# Task to carry out
Return the stretch from the line with "JBL Charge 5" through the line with "Tudor Black Bay" in the data below, character for character, skipping all pictures.

# Source information
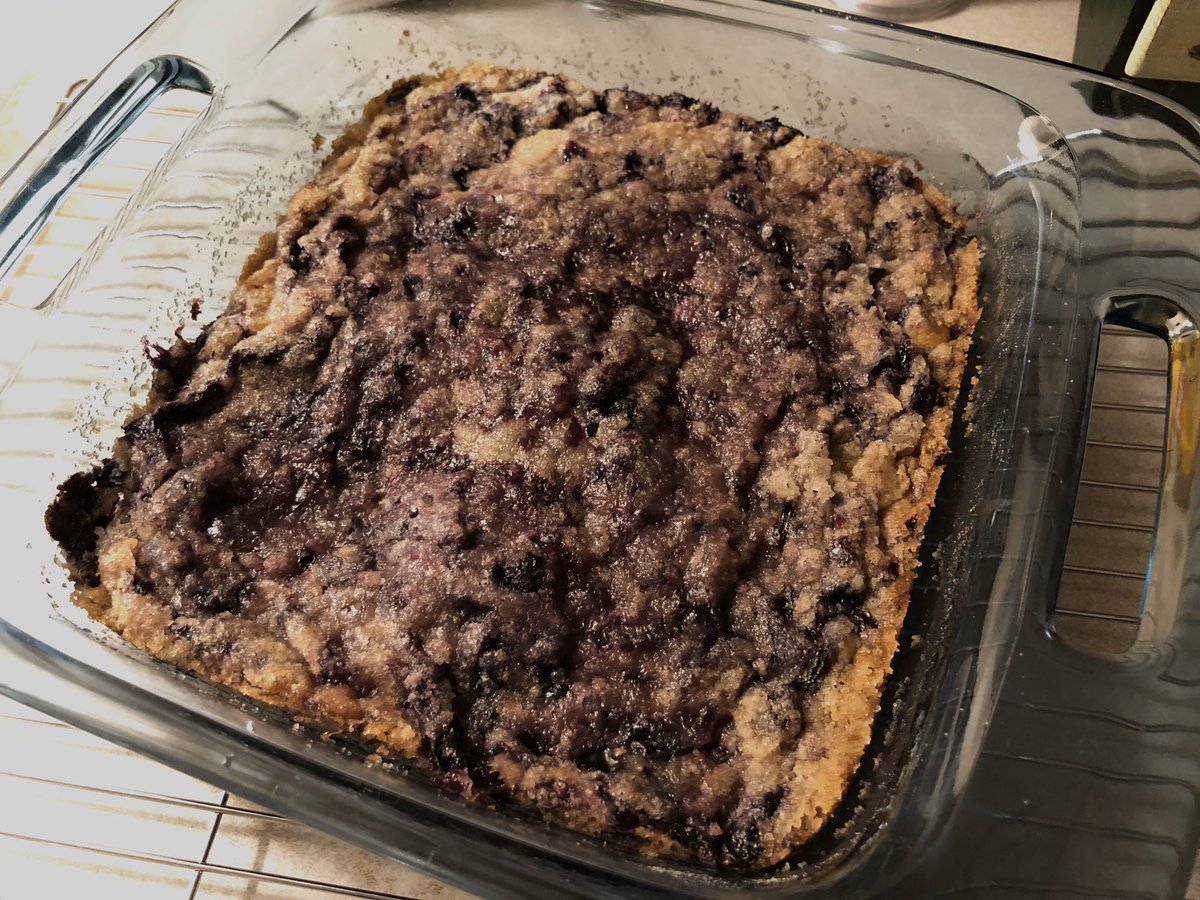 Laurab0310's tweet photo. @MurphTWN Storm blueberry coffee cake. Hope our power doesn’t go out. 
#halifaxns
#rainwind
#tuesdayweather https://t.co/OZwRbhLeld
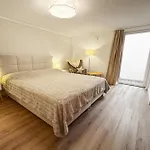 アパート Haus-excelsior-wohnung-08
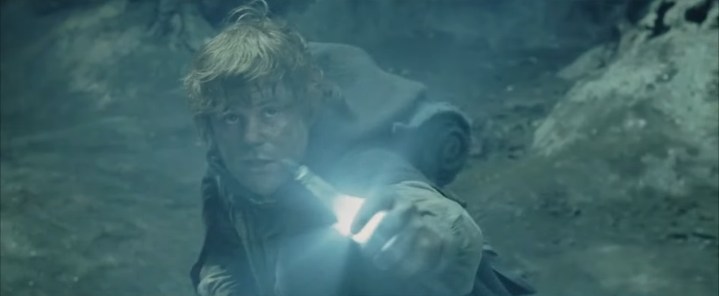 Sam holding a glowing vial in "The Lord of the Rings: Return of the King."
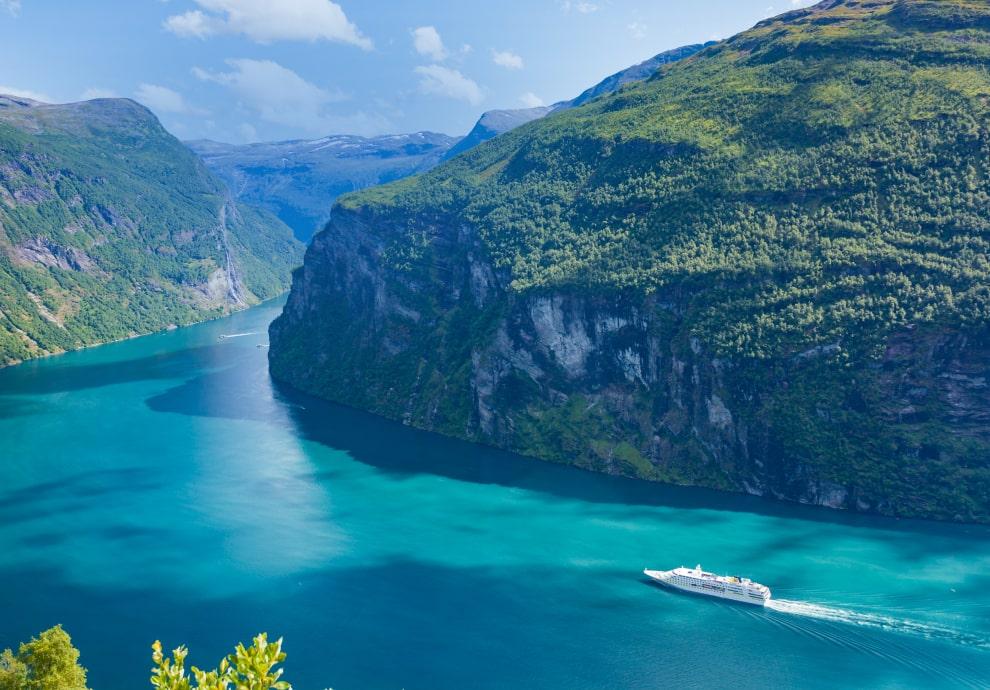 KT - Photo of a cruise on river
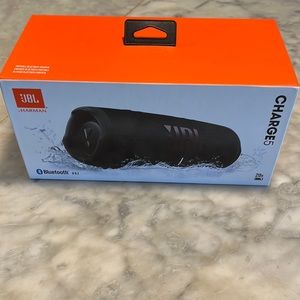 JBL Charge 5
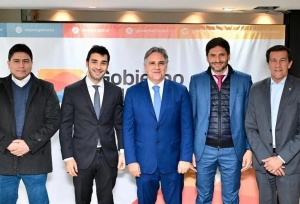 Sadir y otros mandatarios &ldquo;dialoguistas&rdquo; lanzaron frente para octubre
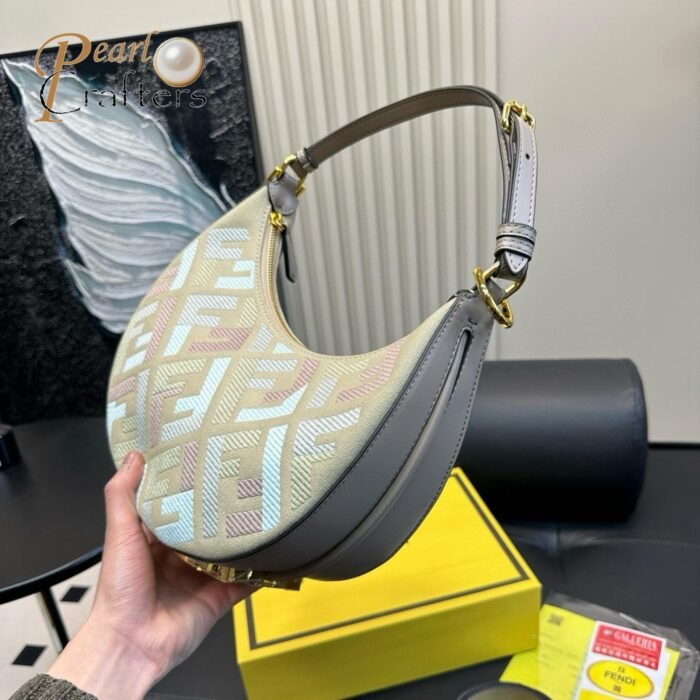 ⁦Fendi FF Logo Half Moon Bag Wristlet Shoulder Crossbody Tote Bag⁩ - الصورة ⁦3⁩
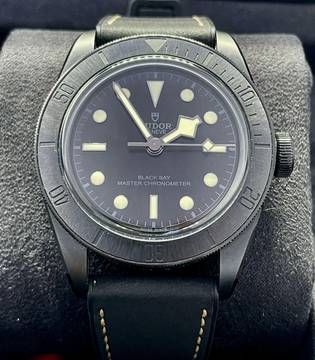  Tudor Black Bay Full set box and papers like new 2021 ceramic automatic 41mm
==
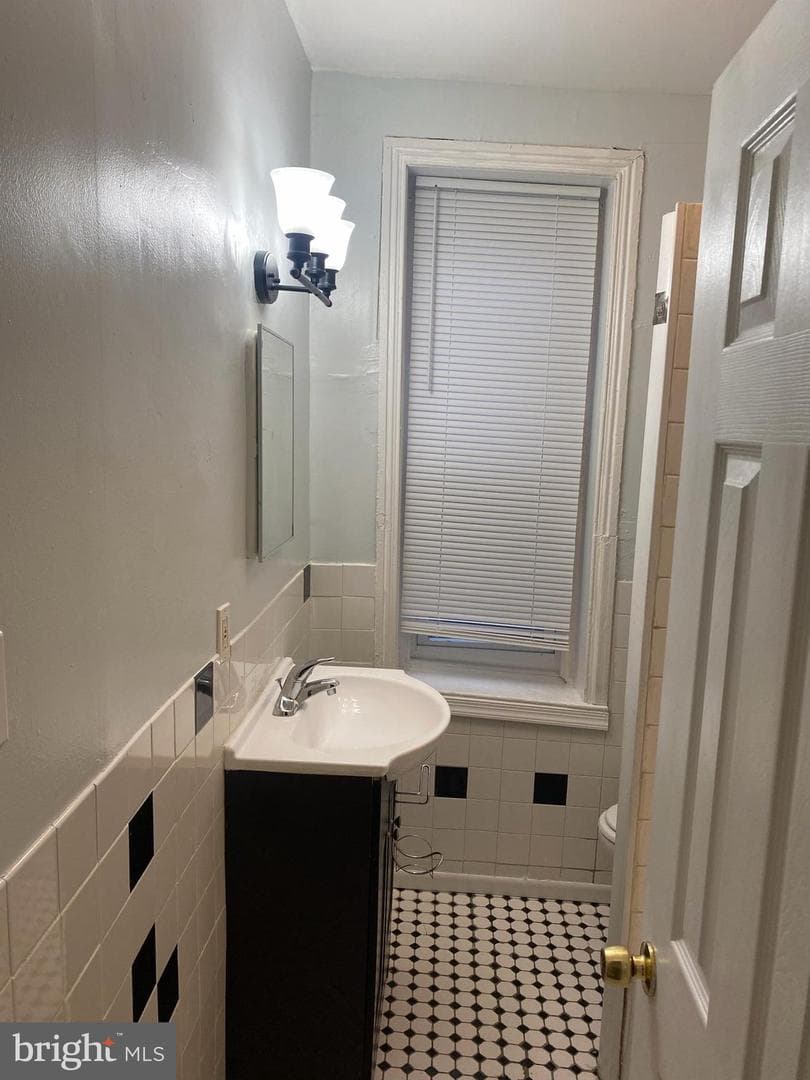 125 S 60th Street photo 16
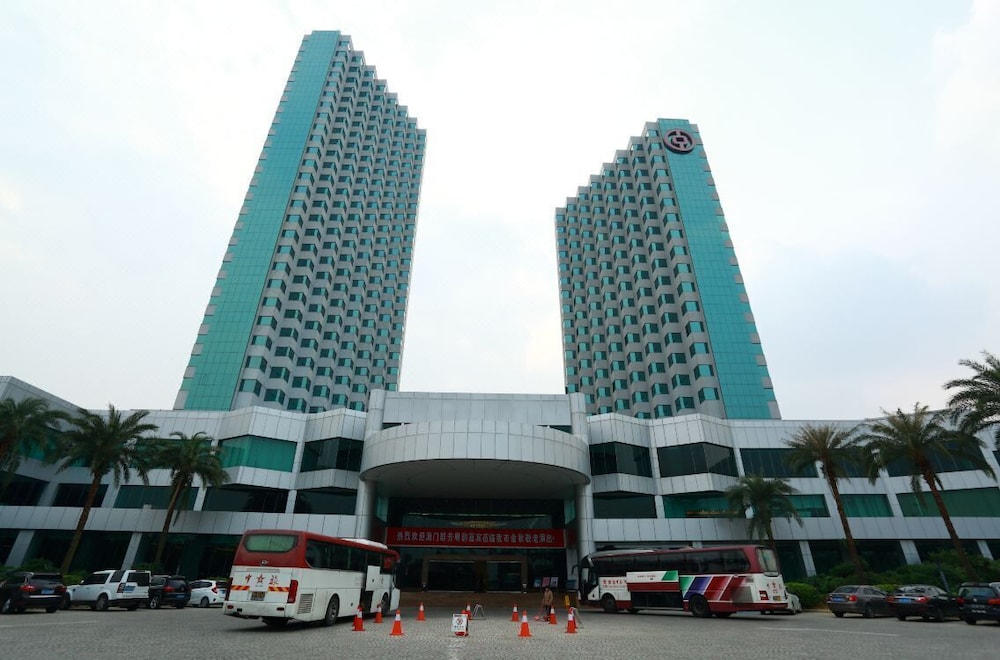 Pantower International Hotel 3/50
* * *
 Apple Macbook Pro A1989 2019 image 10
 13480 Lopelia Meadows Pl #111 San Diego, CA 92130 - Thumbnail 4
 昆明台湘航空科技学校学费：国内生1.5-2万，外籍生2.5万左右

# Task solution
 JBL Charge 5
 Sadir y otros mandatarios &ldquo;dialoguistas&rdquo; lanzaron frente para octubre
 ⁦Fendi FF Logo Half Moon Bag Wristlet Shoulder Crossbody Tote Bag⁩ - الصورة ⁦3⁩
  Tudor Black Bay Full set box and papers like new 2021 ceramic automatic 41mm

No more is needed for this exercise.